Beat it, bloatware: How to clean Superfish and other crap off your PC – Preloaded software bogs down your hard drive, your start menu, and worse. We’re looking at you, Superfish. Clean it out with these handy tools and tricks.

You Can’t Remember Good Passwords, So You Need a Password Manager – Just what makes a good password? Well, it can’t contain any names, numbers, or words that someone else could figure out from what’s generally known about you. Your dog’s name, your school mascot, your firstborn’s birthday—those are all no good. It certainly can’t be a single, simple word or number-run like password or 123456. Best would be a random string of characters like 8TMatPL#HAo/#ZE$, but nobody can remember one password like that, let alone one for every secure website. So what can you do?

Five months on and iOS 8 is still riddled with show-stopping bugs – Five months on from the release of iOS 8, and following six rounds of bugfixes, Apple’s flagship mobile platform that powers almost three out of four iPhone and iPads is still riddled with bugs. I’m just going to come out and say it – this is a mess. If we were talking about cosmetic stuff like a badly laid out user interface or poor selection of wallpapers then I could overlook the issues, but they aren’t. These are bugs relating to core systems such as Wi-Fi, cellular connectivity, Bluetooth, and stability and performance. These are show-stopping bugs.

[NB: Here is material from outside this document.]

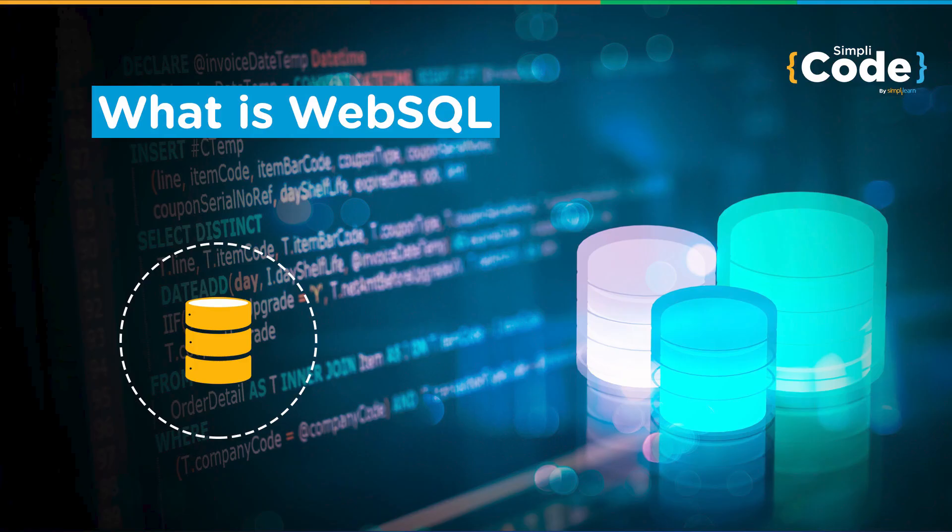Hello everyone, I hope you are doing good and staying safe. Welcome to Simply Code's YouTube channel. In today's session, we are going to learn about WebSQL.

How to transport your files to Google Drive – Need to get somewhere quickly in the year 2265? Star Trek makes it look easy: step onto a platform, wait for someone to press a few buttons, and a transporter beams you to a location nearby. In 2015, Google Drive moves files to Google’s system almost as fast. Select a file (or folder) on your desktop and drag it into a browser window opened to Google Drive. Wait a bit as Google beams the information from your system to theirs. However, if you want to move all of your files from local storage to Google Drive, you need to plan the journey.

Restore a Windows 8 or Windows 7 image backup to an unbootable PC – An image backup can restore a hopelessly messed up Windows installation. But how do you restore a backup when you can’t boot Windows?

Bevy lets you create a private network for sharing pics, videos – Your family is probably spread out over a city, or state — possibly even a country, or continents. Sharing pics is easy via mediums like Facebook, but those avenues don’t lend themselves to private sharing in a straightforward way. There might even be some who aren’t comfortable uploading pics to a source they don’t own and control, which is where Bevy comes into play. Via an app and dedicated storage container, you and your family (or friends, or colleagues) can share pictures privately.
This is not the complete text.